Moreover, the authors note the “statistical proof that the electrical charge comes back to other lives in other bodies similarly to how we upload and download files on our computers to the cloud”: the “electrical information transfer that is us is a fractal of the process we use to upload and download information to the cloud”. Not only then do we have a “nonlocal consciousness” (what the authors describe as an aspect of consciousness independent of space-time and not resident in an organism’s physiology), but all our consciousnesses are interdependent and interconnected.

In another explanation of the mechanics of other life memories, retired professor of physics, Dr Amit Goswami, also considers that our memory lies outside our brain. He concludes that there is “much empirical evidence” precisely for the quantum model of survival after death and reincarnation that he presents:[17]

The idea is that part of our memory (call it quantum memory), specifically that of our learning, is nonlocal, which means that this memory resides not locally in the brain but outside of space and time altogether. In this way, this memory can transmigrate across space and time without signals, without transfer of energy.”

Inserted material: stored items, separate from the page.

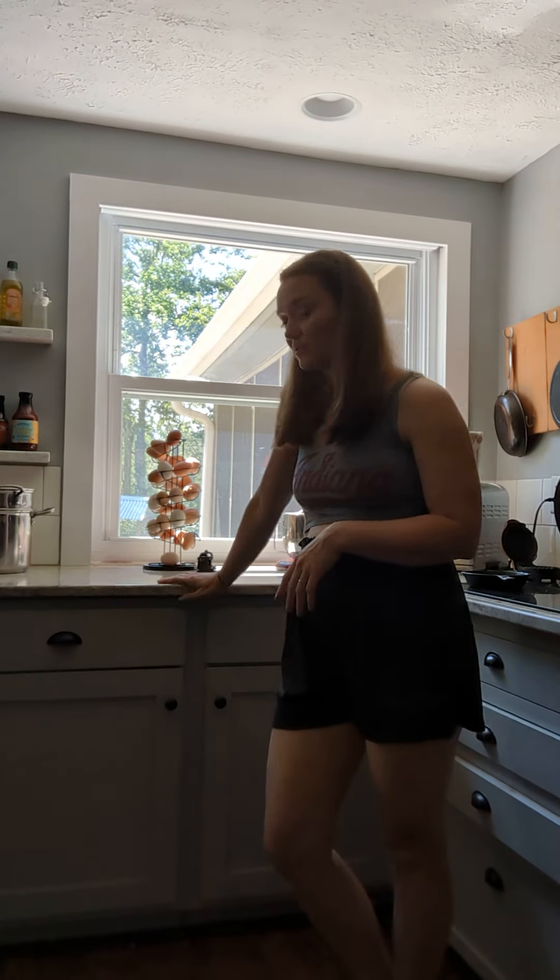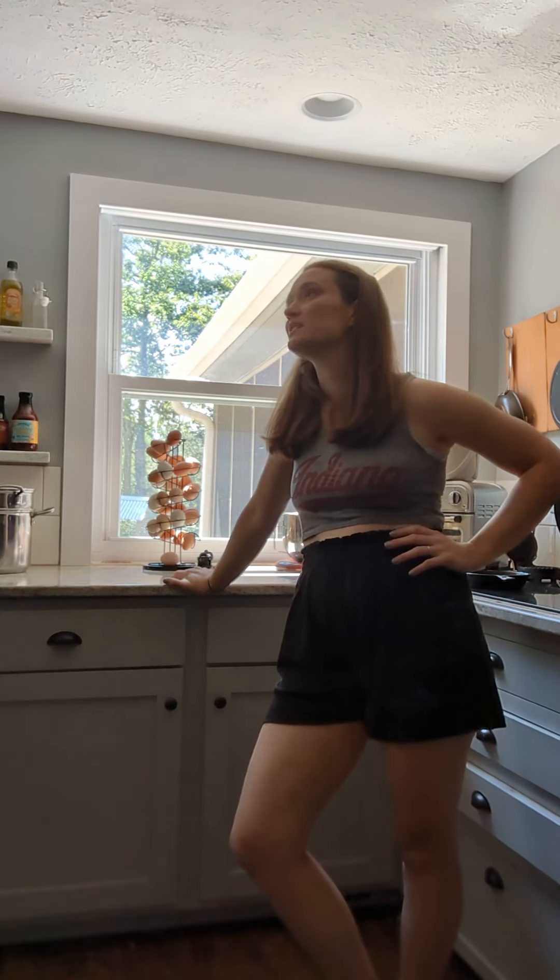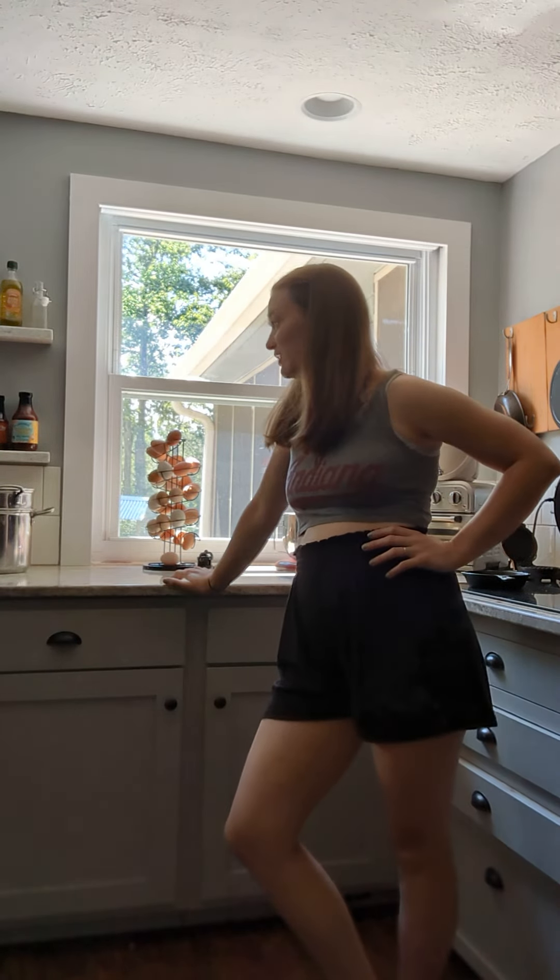It doesn't wobble or move like a chair might, or slide like a table might if you really lean on it. With the kitchen counter you can really just lean on it. It's that casual, bored feeling — like you're in the kitchen waiting for the toast to pop or the microwave to ding.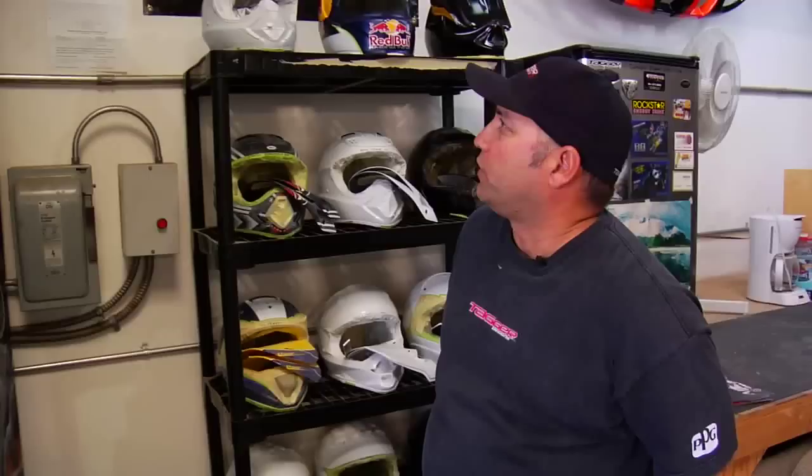I also do designs for 661, I've done them for No Fear, Fox, and a bunch of other companies. They don't usually have my name on them, except 661 put my name on the visor — and that's what you buy in the store.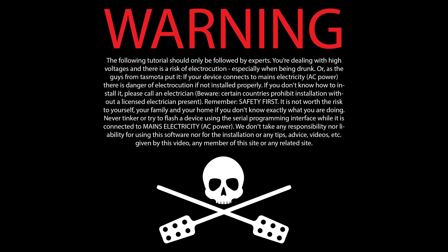Warning! We are dealing with high voltages which you can neither see or smell, but they can kill you. Please read and obey the warning displayed on your screen carefully. The following steps should only be performed by experts.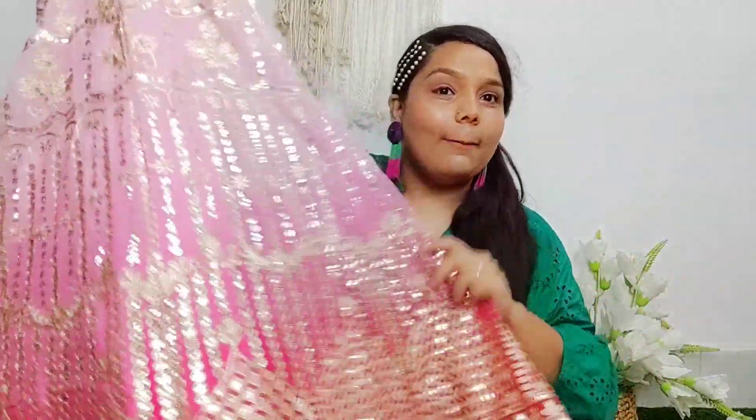If you ask me how many out of 5, I give it 10 out of 5. Because in 2,000 rupees, I don't think you can find such a wedding outfit anywhere. If you go to a market shop, a similar lehenga would be worth 4,000–5,000 rupees. Trust me, when you wear it, you are going to look very beautiful. So you have to try this.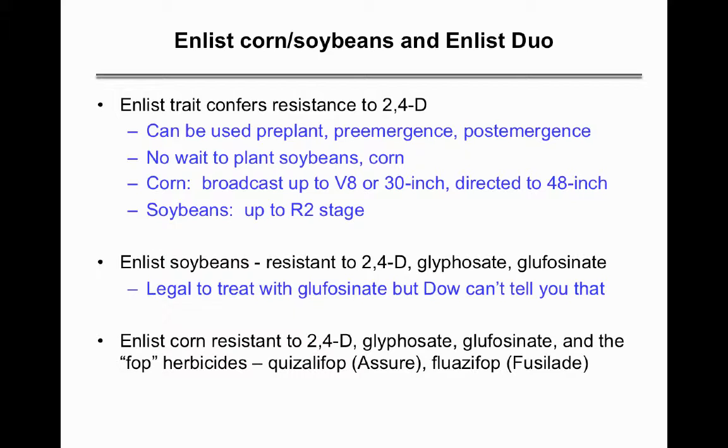Dow and your seed seller can't tell you it's legal to use Liberty or glufosinate on these beans. You can use 2,4-D pre-plant, pre-emergence, and post-emergence with no wait to plant soybeans and corn. For corn, broadcast applications are allowed up to V8 or 30 inches, directed up to 48 inches, and for soybeans up to the R2 stage.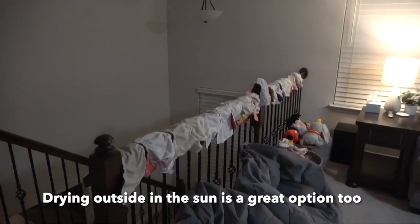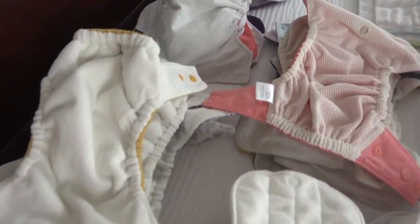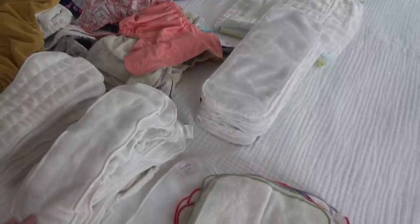Alright, we're going to get the ceiling fan going to get some air flow in the room — these are going to dry fairly quickly. Once these are dry then we'll put them all together. Everything is dry — this is the easiest way I have found. I'm just going to put together all these diapers and get them all ready to go into the nursery.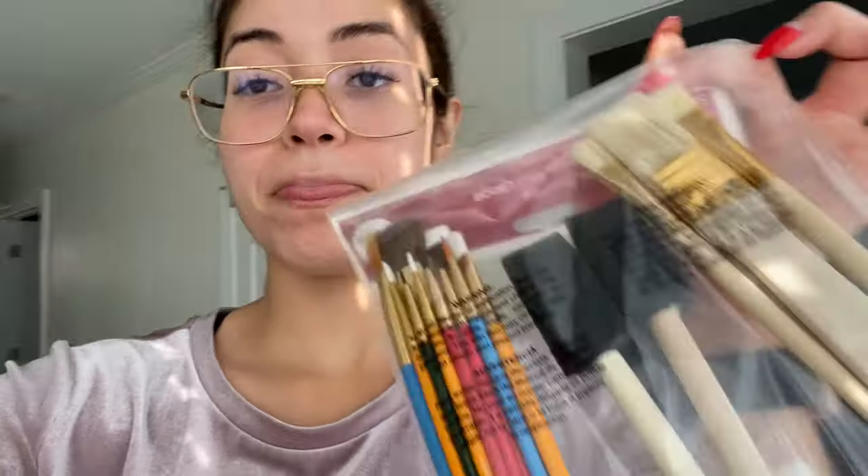Day two of getting supplies — no luck finding the dowels. Michael's does sell them, but the Michael's near me does not, so I just ended up ordering them online and they'll be shipped in a couple days. I did get some paint brushes and paint because later this week I'm going to be painting some vases — that'll be a fun little project. But right now we're going to set up to paint the perimeter of the doors and then stain the wood.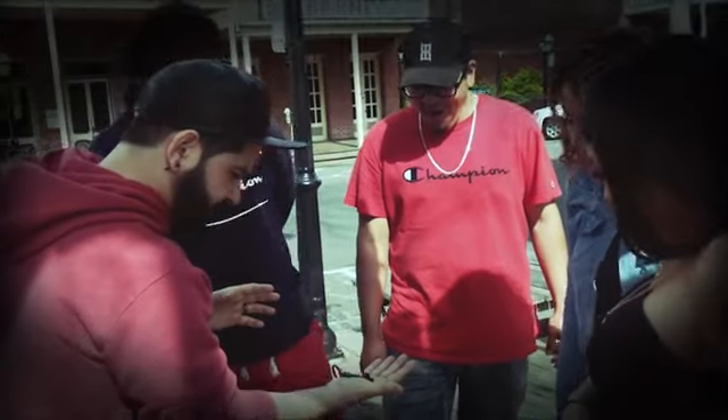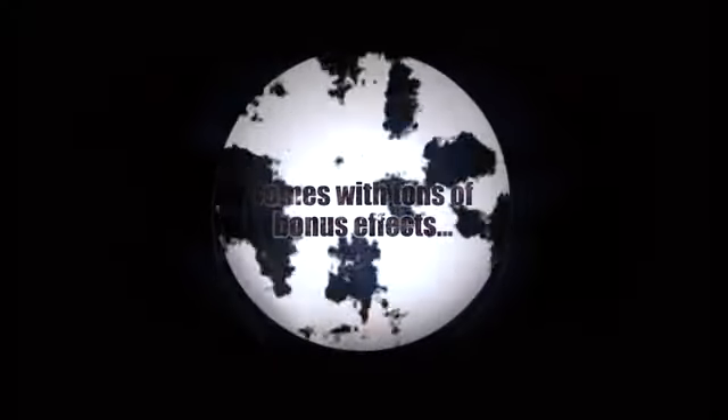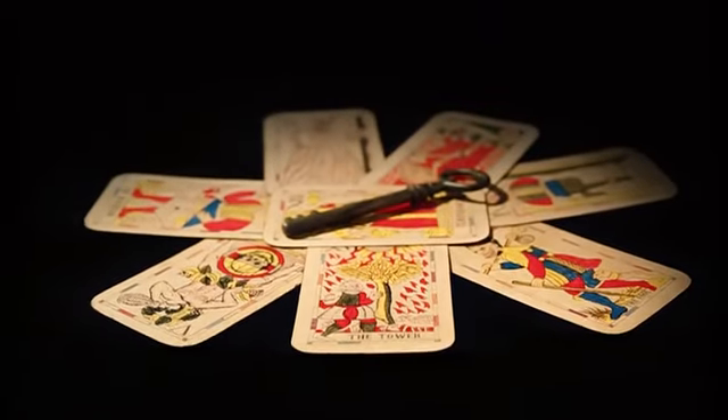The Haunted Key Deluxe is more than just a bridge to the spirit realm. It comes with a ton of bonus routines that take the standard effect to new heights.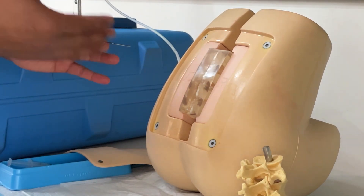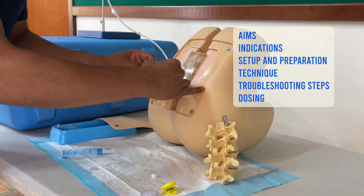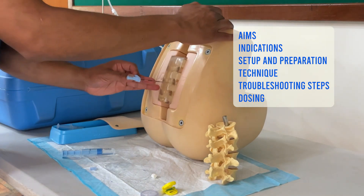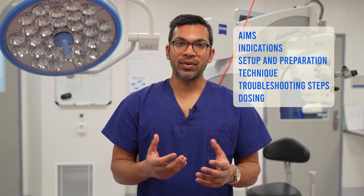Today I want to go through a whole bunch of stuff including the aims and indications, the setup and preparation. I want to go through a lot of detail on the technique and also show you what the technique looks like with the skin removed, so you can really see what the anatomy looks like and how this technique can be challenging. I'll try to go through a few troubleshooting things for the difficult epidural and finally how to dose the epidural for labour, anesthesia, and analgesia. So let's get started.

He draws empirical evidence suggesting the nonlocal nature of the memory of a learned propensity from a 1960s experiment of the neurophysiologist Karl Lashley:

… [Lashley] trained rats to find cheese in a Y-maze and then systematically began to chop off parts of the rat’s brain to test if the propensity remained. Strangely, he found that even with fifty percent of its brain removed, a trained rat found its way to the cheese. The only viable conclusion is that the learned memory of a propensity is nonlocal …

So when we die our physical body dies but our soul (our learned tendencies of our subtle, non-physical, body – what Goswami terms the “quantum monad”) survives as nonlocal memory that will reincarnate in another physical body in the future.[18] Indeed, “[i]t seems … that … certain incarnate individuals are correlated via quantum nonlocality” and so “share the same quantum monad in an ongoing fashion; it is they who can be called the reincarnations of one another”. However, “[i]n principle, the use of such quantum monads is available to all of us”. And if “any person’s nonlocal window that connects all of her incarnations is open to everyone who knows how to look”, Goswami concludes that “in principle, consciousness is one”.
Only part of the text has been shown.